# Data entries
---------------

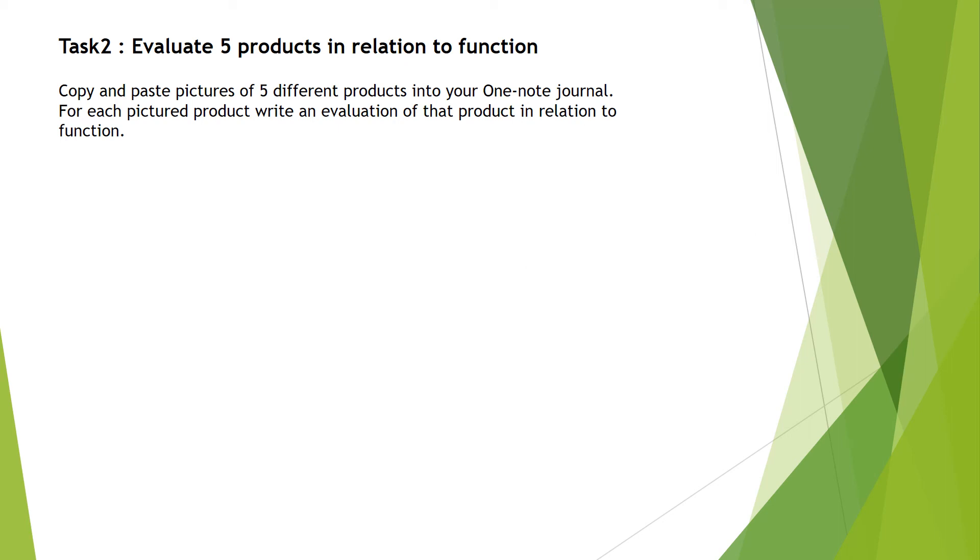In this task you need to copy and paste pictures of five different products into your OneNote journal. For each pictured product write an evaluation of that product in relation to how it functions. Let's look at an example.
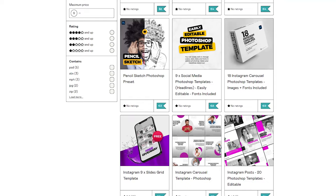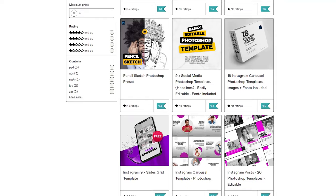Support my channel by buying my courses, templates and Photoshop presets. Link in the description. Also check out other tutorials in my channel. Thank you for your support.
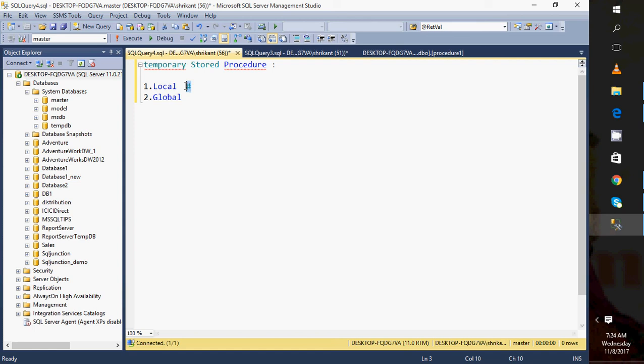Append double hash for a global temporary procedure. The difference is simple: if you want to use the procedure only for your connection, use local. If you want it available at the server level for others to use, go with global.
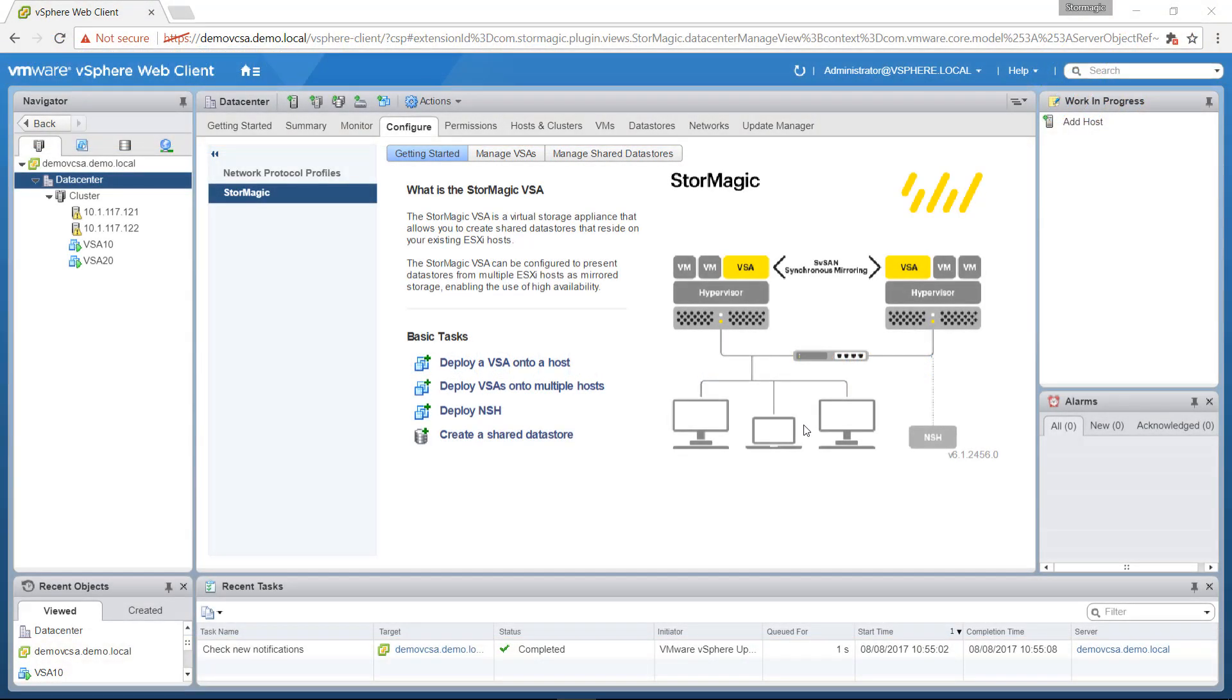This is a new feature in the StorMagic dashboard, so the first thing you'll need to do is upgrade your plugin to the latest version, which is currently 6.1. Details on that process can be found in our manual, and there's also a video guide on our channel.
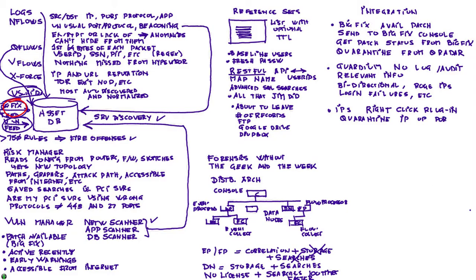So you may find something that is not good on the console—instead of looking for the phone of the IPS guy, you can actually right-click from the Curator console and have that IPS quarantine that data.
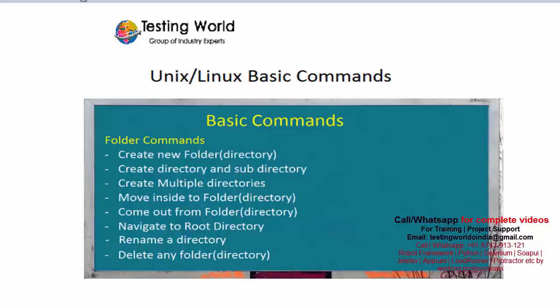Welcome to the testing world. In this session I'll show you many Unix or Linux commands which are related to folders — but here in Unix or Linux environment we call them directories. I'll show you commands for creating a directory, removing a directory, navigating into a directory, coming out from a directory, renaming a directory, and deleting a directory. These are the common commands we are going to learn here.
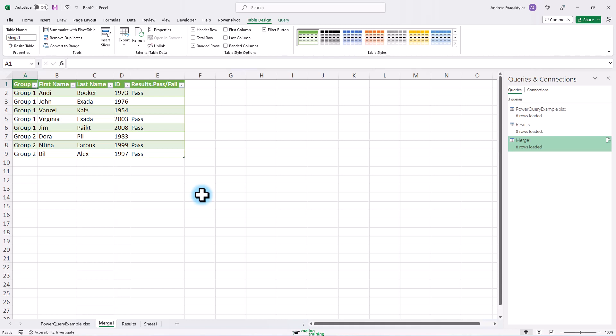There's the result of who passed and who failed. Great. And that is just one of the examples of what's possible with power query and how it can save people hours and days.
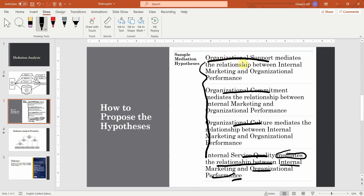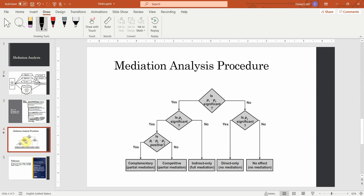In order to propose mediation hypotheses, you first look into your mediator and then the relationship it mediates. Now that we have proposed the mediation, I'm going to quickly review the steps and procedure. The first thing you look at is the indirect effect, and if the indirect effect is significant, then we assess whether it's full mediation, complementary mediation, or competitive mediation — otherwise it is no mediation. The first step is: are P1 and P2 significant? P1 is the path from IV to MV, and P2 is the path from MV to DV — that is your indirect effect.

---------------

# Activity
Please reproduce every entry above exactly, but leave out the pictures.

# Answer section
In this task you need to copy and paste pictures of five different products into your OneNote journal. For each pictured product write an evaluation of that product in relation to how it functions. Let's look at an example.
Support my channel by buying my courses, templates and Photoshop presets. Link in the description. Also check out other tutorials in my channel. Thank you for your support.
Append double hash for a global temporary procedure. The difference is simple: if you want to use the procedure only for your connection, use local. If you want it available at the server level for others to use, go with global.
This is a new feature in the StorMagic dashboard, so the first thing you'll need to do is upgrade your plugin to the latest version, which is currently 6.1. Details on that process can be found in our manual, and there's also a video guide on our channel.
So you may find something that is not good on the console—instead of looking for the phone of the IPS guy, you can actually right-click from the Curator console and have that IPS quarantine that data.
Welcome to the testing world. In this session I'll show you many Unix or Linux commands which are related to folders — but here in Unix or Linux environment we call them directories. I'll show you commands for creating a directory, removing a directory, navigating into a directory, coming out from a directory, renaming a directory, and deleting a directory. These are the common commands we are going to learn here.
There's the result of who passed and who failed. Great. And that is just one of the examples of what's possible with power query and how it can save people hours and days.
In order to propose mediation hypotheses, you first look into your mediator and then the relationship it mediates. Now that we have proposed the mediation, I'm going to quickly review the steps and procedure. The first thing you look at is the indirect effect, and if the indirect effect is significant, then we assess whether it's full mediation, complementary mediation, or competitive mediation — otherwise it is no mediation. The first step is: are P1 and P2 significant? P1 is the path from IV to MV, and P2 is the path from MV to DV — that is your indirect effect.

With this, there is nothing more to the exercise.